Dataset excerpts

----

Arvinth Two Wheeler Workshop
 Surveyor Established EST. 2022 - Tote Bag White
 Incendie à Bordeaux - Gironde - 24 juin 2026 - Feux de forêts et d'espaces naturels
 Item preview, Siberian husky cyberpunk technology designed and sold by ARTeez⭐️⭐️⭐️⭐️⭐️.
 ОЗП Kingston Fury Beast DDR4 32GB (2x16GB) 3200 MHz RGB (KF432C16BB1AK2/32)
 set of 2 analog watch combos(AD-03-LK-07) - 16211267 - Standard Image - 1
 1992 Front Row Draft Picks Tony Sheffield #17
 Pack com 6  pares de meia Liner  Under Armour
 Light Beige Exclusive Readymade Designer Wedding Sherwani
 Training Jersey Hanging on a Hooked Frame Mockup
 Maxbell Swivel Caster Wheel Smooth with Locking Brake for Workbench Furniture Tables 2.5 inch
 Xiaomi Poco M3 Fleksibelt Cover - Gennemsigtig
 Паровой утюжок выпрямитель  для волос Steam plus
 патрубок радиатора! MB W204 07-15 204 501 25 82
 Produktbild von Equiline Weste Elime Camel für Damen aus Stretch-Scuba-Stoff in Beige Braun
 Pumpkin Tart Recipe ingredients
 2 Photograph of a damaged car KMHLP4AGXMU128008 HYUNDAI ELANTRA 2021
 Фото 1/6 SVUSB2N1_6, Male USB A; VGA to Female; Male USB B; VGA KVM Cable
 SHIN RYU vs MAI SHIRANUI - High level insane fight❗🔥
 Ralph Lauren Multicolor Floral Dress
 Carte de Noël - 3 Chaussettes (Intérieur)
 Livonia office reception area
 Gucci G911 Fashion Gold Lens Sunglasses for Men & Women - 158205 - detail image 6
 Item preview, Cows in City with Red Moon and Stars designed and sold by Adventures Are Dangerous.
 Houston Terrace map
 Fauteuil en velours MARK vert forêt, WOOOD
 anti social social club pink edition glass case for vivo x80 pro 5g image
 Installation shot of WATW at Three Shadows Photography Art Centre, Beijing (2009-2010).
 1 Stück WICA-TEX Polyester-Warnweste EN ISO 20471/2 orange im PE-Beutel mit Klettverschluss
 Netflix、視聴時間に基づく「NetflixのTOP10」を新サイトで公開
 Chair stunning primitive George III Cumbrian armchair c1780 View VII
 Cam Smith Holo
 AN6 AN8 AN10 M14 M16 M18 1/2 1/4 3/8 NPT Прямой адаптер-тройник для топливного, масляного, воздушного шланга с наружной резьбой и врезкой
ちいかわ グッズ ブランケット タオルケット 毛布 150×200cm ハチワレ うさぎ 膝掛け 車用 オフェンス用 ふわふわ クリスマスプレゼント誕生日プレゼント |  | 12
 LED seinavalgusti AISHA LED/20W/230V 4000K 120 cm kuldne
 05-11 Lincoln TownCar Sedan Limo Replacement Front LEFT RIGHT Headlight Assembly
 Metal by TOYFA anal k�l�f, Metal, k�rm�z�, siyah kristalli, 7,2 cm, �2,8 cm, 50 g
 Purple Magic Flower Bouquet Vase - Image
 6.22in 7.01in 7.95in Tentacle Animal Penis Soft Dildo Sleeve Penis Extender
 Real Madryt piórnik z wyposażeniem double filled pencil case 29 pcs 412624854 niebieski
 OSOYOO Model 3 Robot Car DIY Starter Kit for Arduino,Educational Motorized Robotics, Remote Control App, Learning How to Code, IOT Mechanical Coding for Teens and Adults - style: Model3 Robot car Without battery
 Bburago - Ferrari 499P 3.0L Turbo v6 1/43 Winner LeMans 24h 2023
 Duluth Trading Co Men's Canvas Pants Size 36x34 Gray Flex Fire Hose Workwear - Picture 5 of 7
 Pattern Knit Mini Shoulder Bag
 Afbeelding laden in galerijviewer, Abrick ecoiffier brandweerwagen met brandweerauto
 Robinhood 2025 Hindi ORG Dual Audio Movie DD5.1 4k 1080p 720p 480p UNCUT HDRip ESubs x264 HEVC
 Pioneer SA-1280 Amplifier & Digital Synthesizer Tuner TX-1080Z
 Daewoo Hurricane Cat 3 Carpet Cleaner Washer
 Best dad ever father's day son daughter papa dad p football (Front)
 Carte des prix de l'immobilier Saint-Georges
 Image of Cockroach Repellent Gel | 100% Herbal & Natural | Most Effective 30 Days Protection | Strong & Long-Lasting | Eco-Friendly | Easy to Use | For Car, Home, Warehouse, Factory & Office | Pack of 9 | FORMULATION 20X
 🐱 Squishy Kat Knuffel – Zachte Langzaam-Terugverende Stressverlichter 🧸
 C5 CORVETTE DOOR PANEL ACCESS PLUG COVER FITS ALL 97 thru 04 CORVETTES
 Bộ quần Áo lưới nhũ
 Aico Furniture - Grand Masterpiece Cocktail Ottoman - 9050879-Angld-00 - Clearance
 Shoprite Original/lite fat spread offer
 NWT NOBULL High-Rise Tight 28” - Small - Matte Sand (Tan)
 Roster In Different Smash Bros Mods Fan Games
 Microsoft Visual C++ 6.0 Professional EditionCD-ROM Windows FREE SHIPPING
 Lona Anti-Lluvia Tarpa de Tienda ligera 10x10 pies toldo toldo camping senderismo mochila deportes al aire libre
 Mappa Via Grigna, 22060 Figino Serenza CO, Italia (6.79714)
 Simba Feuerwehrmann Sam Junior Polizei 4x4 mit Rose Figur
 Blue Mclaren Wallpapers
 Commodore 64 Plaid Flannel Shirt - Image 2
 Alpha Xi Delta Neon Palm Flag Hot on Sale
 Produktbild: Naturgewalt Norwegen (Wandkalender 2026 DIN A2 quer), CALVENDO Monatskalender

----

* The problem *
Beginning at the line that holds "Daewoo Hurricane Cat 3 Carpet Cleaner Washer", write out word for word each line through the end of the records.

* Solution to the exercise *
 Daewoo Hurricane Cat 3 Carpet Cleaner Washer
 Best dad ever father's day son daughter papa dad p football (Front)
 Carte des prix de l'immobilier Saint-Georges
 Image of Cockroach Repellent Gel | 100% Herbal & Natural | Most Effective 30 Days Protection | Strong & Long-Lasting | Eco-Friendly | Easy to Use | For Car, Home, Warehouse, Factory & Office | Pack of 9 | FORMULATION 20X
 🐱 Squishy Kat Knuffel – Zachte Langzaam-Terugverende Stressverlichter 🧸
 C5 CORVETTE DOOR PANEL ACCESS PLUG COVER FITS ALL 97 thru 04 CORVETTES
 Bộ quần Áo lưới nhũ
 Aico Furniture - Grand Masterpiece Cocktail Ottoman - 9050879-Angld-00 - Clearance
 Shoprite Original/lite fat spread offer
 NWT NOBULL High-Rise Tight 28” - Small - Matte Sand (Tan)
 Roster In Different Smash Bros Mods Fan Games
 Microsoft Visual C++ 6.0 Professional EditionCD-ROM Windows FREE SHIPPING
 Lona Anti-Lluvia Tarpa de Tienda ligera 10x10 pies toldo toldo camping senderismo mochila deportes al aire libre
 Mappa Via Grigna, 22060 Figino Serenza CO, Italia (6.79714)
 Simba Feuerwehrmann Sam Junior Polizei 4x4 mit Rose Figur
 Blue Mclaren Wallpapers
 Commodore 64 Plaid Flannel Shirt - Image 2
 Alpha Xi Delta Neon Palm Flag Hot on Sale
 Produktbild: Naturgewalt Norwegen (Wandkalender 2026 DIN A2 quer), CALVENDO Monatskalender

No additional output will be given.